> Task item:
Among the entries below, only the lines from the one with "Sony PlayStation 2" through the one with "Nike Slim 4.0 Hardloopgordel - roze, zwart" are wanted, reproduced exactly. Pictures are not wanted.

> Entries shown:

━━━━━━

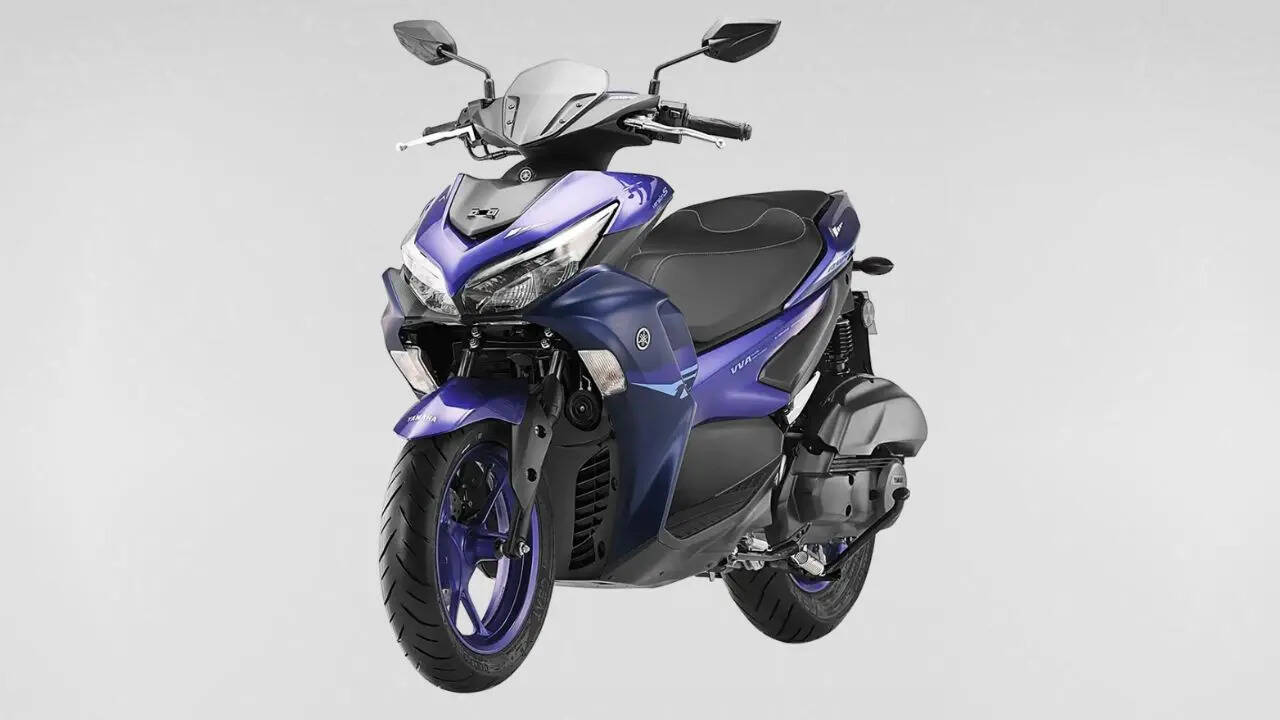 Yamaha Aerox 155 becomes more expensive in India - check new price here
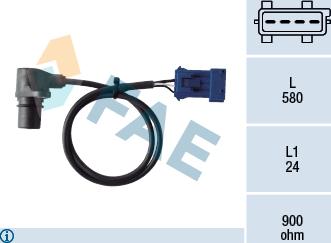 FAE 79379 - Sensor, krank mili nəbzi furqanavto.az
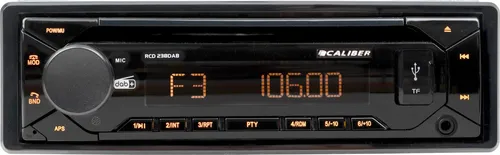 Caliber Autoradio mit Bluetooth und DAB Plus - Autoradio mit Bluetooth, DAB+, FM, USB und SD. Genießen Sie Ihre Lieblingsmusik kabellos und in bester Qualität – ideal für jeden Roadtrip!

━━━━━━

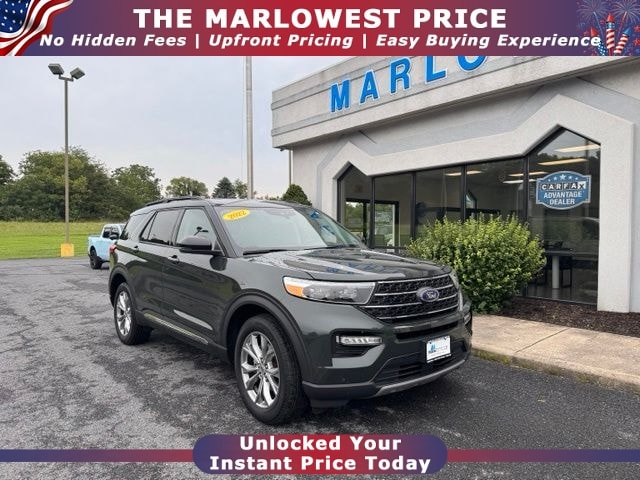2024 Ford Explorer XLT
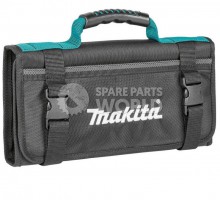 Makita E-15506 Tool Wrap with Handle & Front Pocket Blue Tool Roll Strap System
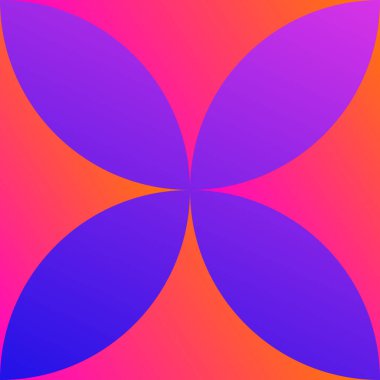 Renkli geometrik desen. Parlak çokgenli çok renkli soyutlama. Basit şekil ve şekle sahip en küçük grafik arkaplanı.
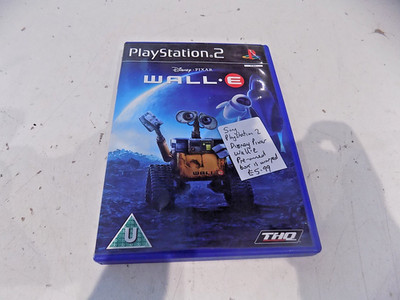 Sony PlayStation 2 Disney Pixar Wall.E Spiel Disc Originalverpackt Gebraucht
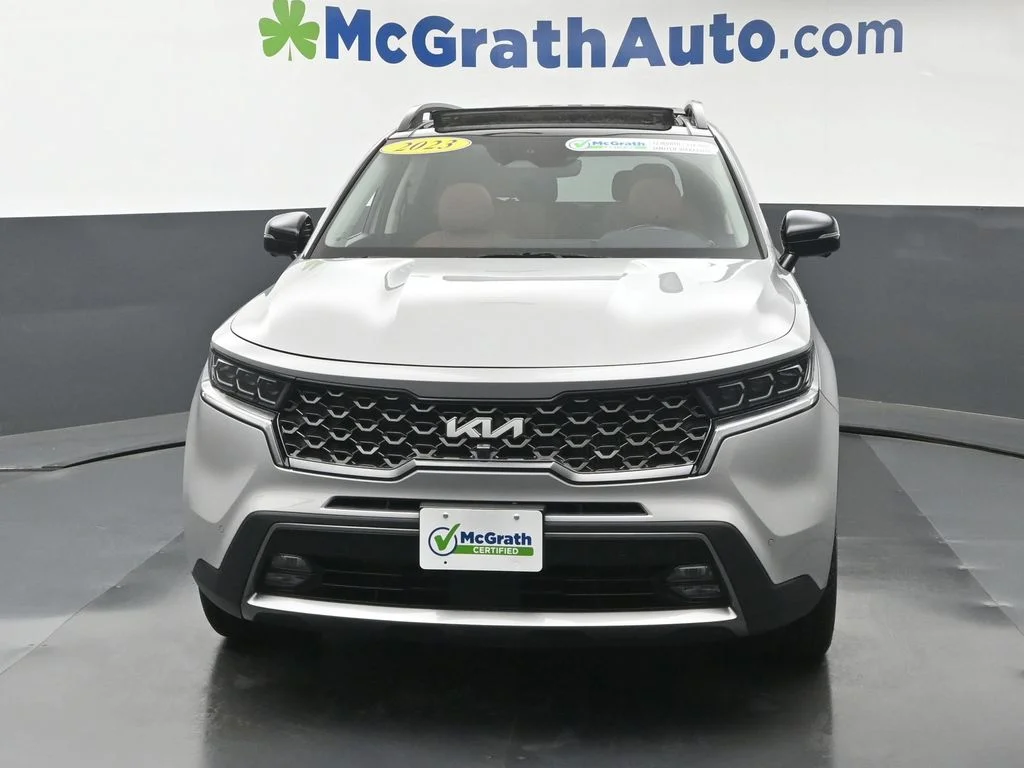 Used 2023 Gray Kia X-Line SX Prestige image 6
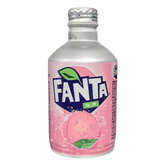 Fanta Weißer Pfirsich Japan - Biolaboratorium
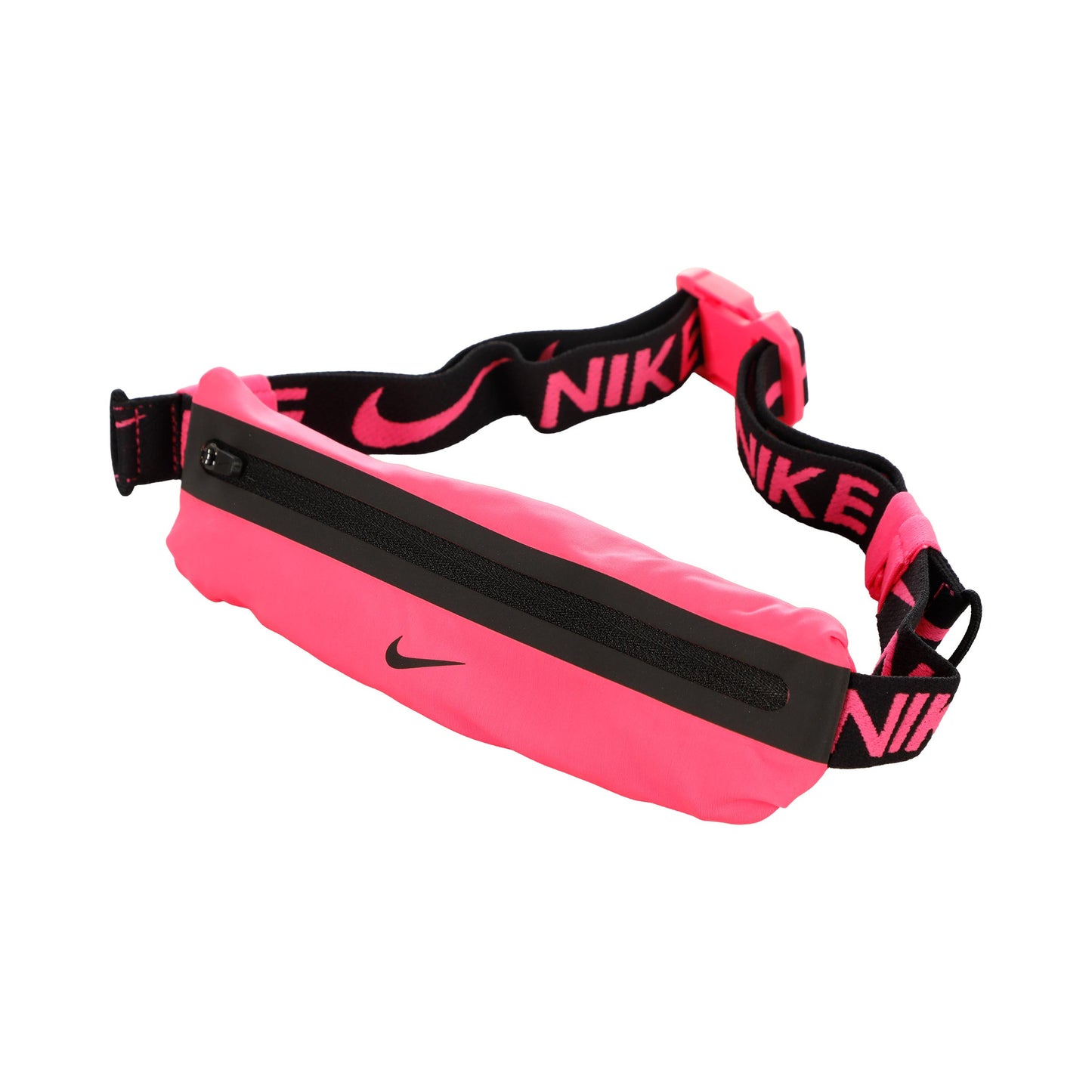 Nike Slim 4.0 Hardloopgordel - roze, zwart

━━━━━━

> Output for this task:
 Sony PlayStation 2 Disney Pixar Wall.E Spiel Disc Originalverpackt Gebraucht
 Used 2023 Gray Kia X-Line SX Prestige image 6
 Fanta Weißer Pfirsich Japan - Biolaboratorium
 Nike Slim 4.0 Hardloopgordel - roze, zwart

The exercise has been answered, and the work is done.